“What’s your take on open marriage?” a female friend, who has known me for as long as I have been wearing sequins, recently asked me via text. It took me by surprise because she is intimately familiar with the inner-workings of my definitively closed marriage. My husband and I have our stuff—the ways in which we’re willing or eager, or curious to bend—as all couples do. But opening our relationship has been such a mutual non-starter that I am fairly certain when he sees this article, he’ll ask why I bothered writing it. I would probably wonder the same.
“Why?” I asked my friend. She’s single, but dating, not seriously, but dating, and she had run into a mutual acquaintance of ours that day at a supermarket. They got to talking and he asked her out, which was jarring because the way we know him is through his wife. He could tell she was confused, self-conscious that she may have gestured or spoken in a way that suggested a misunderstood opening to initiate an extramarital exchange. He told her, without prompting: “Don’t worry! We’re in an open relationship.”
She laughed nervously, made a throwaway comment that she could not remember, and walked away, presumably to text me. The following message, also from her, spilled like word vomit: “Am I close-minded? A relic of a bygone era?

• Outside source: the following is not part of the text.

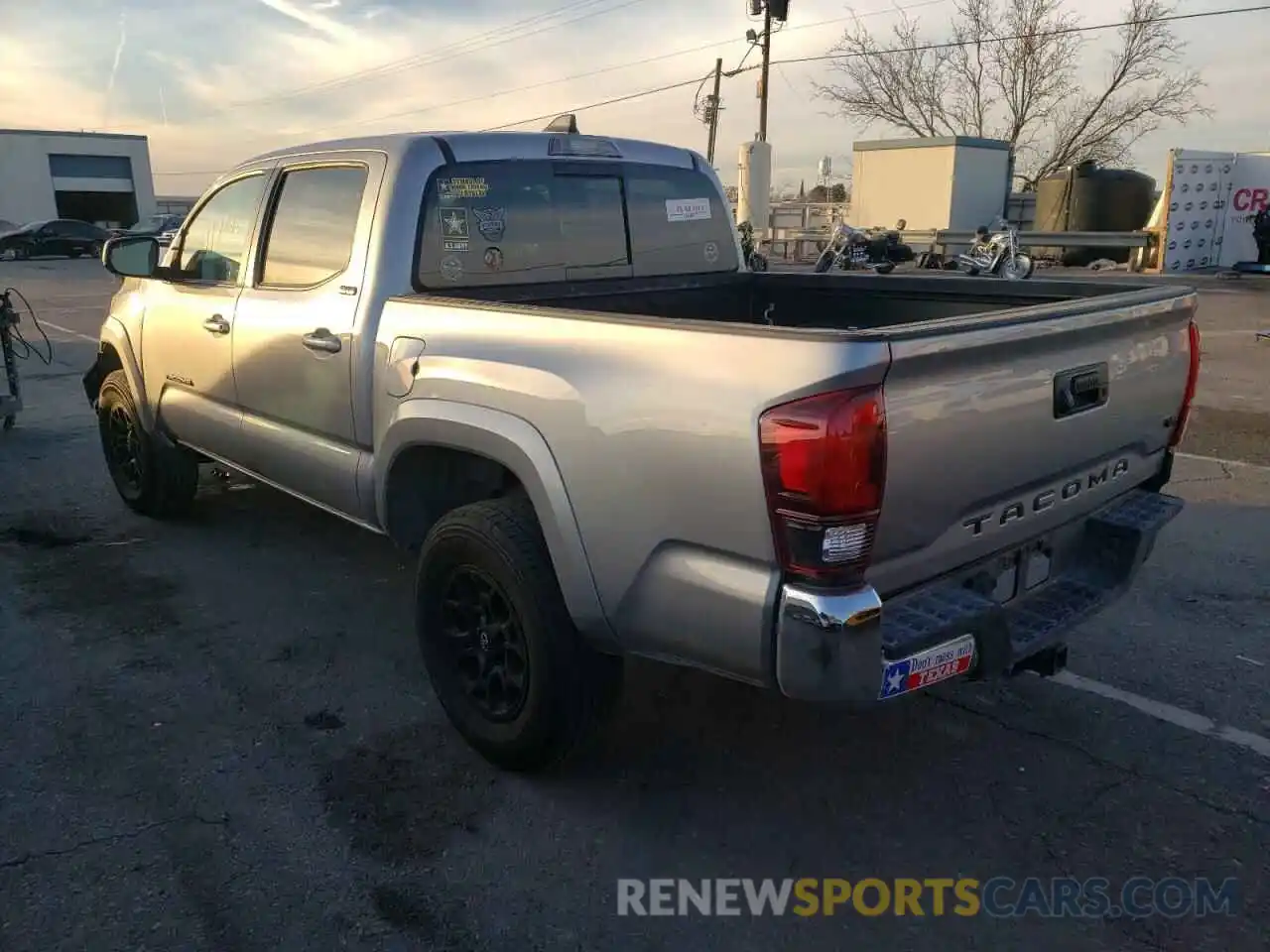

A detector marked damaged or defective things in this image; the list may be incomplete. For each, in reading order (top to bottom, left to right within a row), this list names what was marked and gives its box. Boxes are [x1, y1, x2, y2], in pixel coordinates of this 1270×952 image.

cracked parking lot surface [0, 261, 1264, 952]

How could she let him cheat? Is it ridiculous for me to think that there’s no way their marriage can last? Can you genuinely be happy when those gates are open? I don’t want to be judgmental, but I can’t help judge.”
I told her she’s not a relic of a bygone era. Her parents, who informed a lot of the policies she has adopted and absorbed as innately part of her constitution might be, but she’s from here. I told her she knows it’s not cheating if the relationship is open, that it’s not ridiculous to assume their relationship won’t last because we—both of us—have only been exposed to an “It never ends well” mentality on the topic of an open relationship. But what the hell is “ending well,” anyway? I know plenty of happy endings that are only happy because of divorce.

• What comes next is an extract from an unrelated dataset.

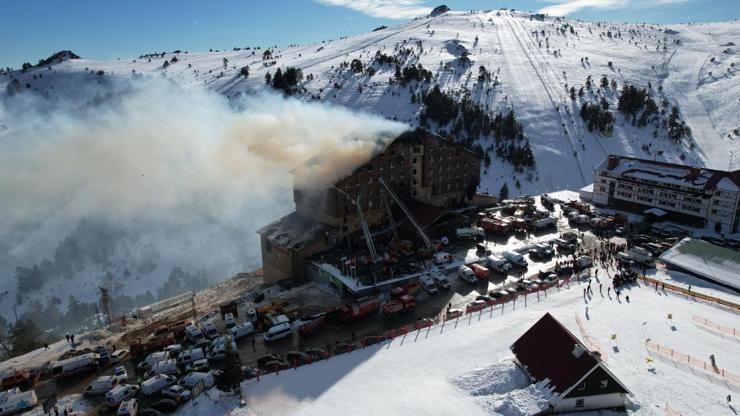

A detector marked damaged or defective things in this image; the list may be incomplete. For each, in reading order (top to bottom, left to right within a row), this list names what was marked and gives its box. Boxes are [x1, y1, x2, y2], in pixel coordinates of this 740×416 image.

damaged roof [258, 211, 326, 250]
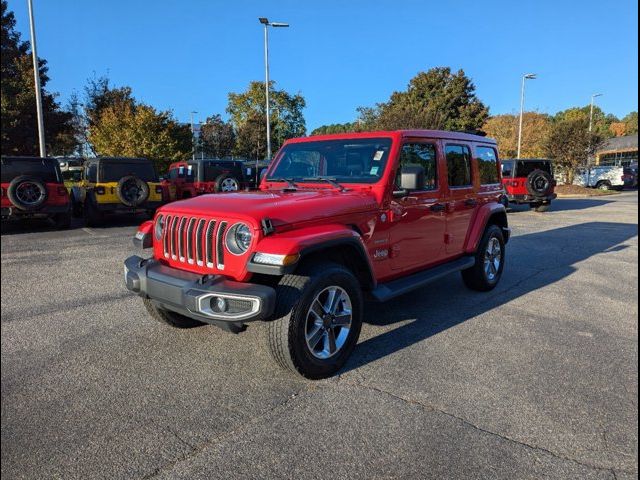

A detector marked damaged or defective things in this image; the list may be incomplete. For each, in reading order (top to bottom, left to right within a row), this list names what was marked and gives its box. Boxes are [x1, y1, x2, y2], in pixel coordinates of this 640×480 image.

crack in asphalt [338, 376, 636, 478]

I told her it would be close-minded for two thinking individuals (she and me) to presume effectively anything about the motivation behind an open marriage, or behind the motivation of the motivation.
But this doesn’t mean I would choose to participate in an open relationship myself; I practically shudder every time an employee of mine takes a private phone call because I fear they’re being poached. Call it jealousy, call it paranoia—whatever. Electively putting myself in a position to both wonder what the hell my husband is getting from someone else that I can’t give him and further what I can get from elsewhere loosens the notch on the belt of matrimony in a way that makes me wonder how we could continue to see additive value in each other as opposed to sniffing out the lack we feel respectively. Marriage is hard; collective growth is an idyllic concept, but it’s also fake. He grows, I grow—sometimes simultaneously, sometimes with a lag—then we adjust to find our spoon-fit again. That adjustment period is awkward and at times and it can feel like we live on different planets. I don’t know that in the heat of this misunderstanding, stepping away to pursue understanding from another intimacy partner could help solve the larger experience (I specifically do not say “issue”) of “changing together.”
But look, I also get that to be in a relationship that permits polyamory is to change your mindset. It is to expect, to a degree, abundant thinking from yourself and your partner. There is likely even an argument to be made that the foundation of a successful open marriage is even more solid than that of a closed one—that you could give yourself so intimately to someone who is not your husband or wife but still feel most connected to them is significant. Enviable! Maybe I don’t trust myself enough to maintain that kind of knowing. Maybe, because I got married so young and bypassed dating app and hook up and even casual sex culture, I can’t see something that you might see. So, tell me, because more than anything, I am eager to talk about it. Do you, would you, have you ever participated in an open relationship?